Allison didn’t seem to be listening. “When Lewis was a baby, his cheeks were so big he couldn’t open his eyes and smile at the same time. I bet he’s a lady killer now.” She grinned, years of experience as a special ops commander gleaming in her eyes. “Don’t gimme that face, he’s family. Let’s do it.” Moving behind the counter, she shouted at the office’s tapped door, “Jane! Kelsey! Rory’s former best friend is here with a job! We’re goin’ out!”

A younger version of Allison peeked out of the office, eyes shining. “LEE!”

Kelsey. Holy smokes. Lee smiled as she raced around the counter like a puppy on hardwood and pummeled him with the same warmth as her mother.

A third lady exited the office. Jane—Rory’s older sister and, in his opinion, the humblest and most badass tracker he’d ever met who could just as easily hunt down a deer’s ghost as knit sweaters for an army—smiled in passing as she followed Allison down a back hallway to prepare for the trek.

I’m getting the whole family. Reassurance calmed Lee’s raging anxiety to a nagging whisper. Now if we could take Rory’s skills without taking Rory, it’d be perfect.

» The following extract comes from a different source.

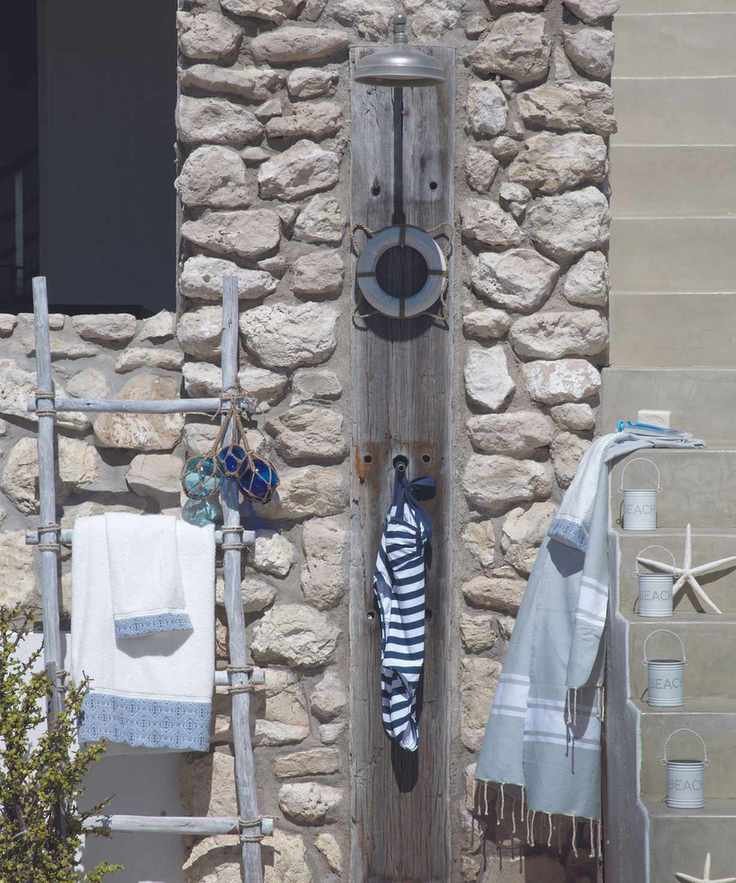 Outdoor shower on stone beach house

Arms around Lee’s ribs, Kelsey turned bright green eyes turned upward, her chin digging into his chest. “All the guys left last week and Rory ‘ll be back tomorrow, so it’s just us right now.” At his look, she added, “He’s at the cape helping Mr. Sommer pack his house into his fishing boat. We’ll leave a note so he can catch up.”

Lee hesitated. The Moss Guide’s house rule for search and rescue gigs was for guides to go out in a 4-man team. 

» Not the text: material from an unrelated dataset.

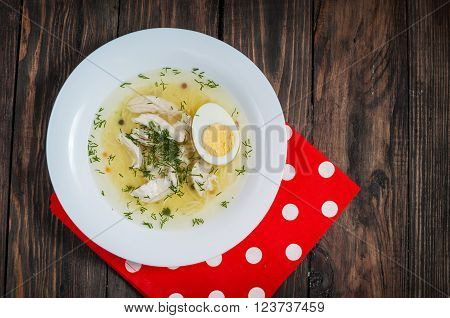 Chicken soup with noodles, carrots, eggs. closeup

“Can a client count as the fourth?” 

They have the rule of 4 for a reason. It’s a safety thing.

“We can take Kipp.” Stepping back, Kelsey looked toward the front door where the man with the burlap bag sat on a rickety chair, flipping through a small notebook. “Right, Kipp?”

The man read, blatantly ignoring her.

He came in behind me? Frowning, Lee lowered his voice. “Is he a guide?”

“He’s Rory’s new best friend, since you left. He doesn’t look like much but….” She lowered her voice, too. “Three years ago, when Rory’s group was captured and held in that prison camp in Safeaur, Kipp single-handedly broke them out, blew up the armory, and burned everything down. He even managed to roll the camp’s trucks off a cliff!” 

Lee was hardly sure whether to be impressed or disturbed. 

Studying Kipp, Kelsey smiled with a lovesick sigh. “He’s so awkward and adorable,” she said. “I’m gonna marry him one day but he doesn’t know it yet.”

Allison appeared in the hallway. “Hey, Doc, we need a fourth. You in?”

Kipp looked up. “Yes, of course.”

About to return to packing, Allison paused. “Oh, Lee, meet our fourth guide: Dr. Kipp Colditz. He knows who you are from Rory but don’t worry, he likes pretty much everyone. Isn’t that right, Doc?” She vanished into the back.

To the nod and hello from Lee, the oddly smooth skin about Dr. Colditz’s eyes crinkled mildly as though he was unaccustomed to smiling.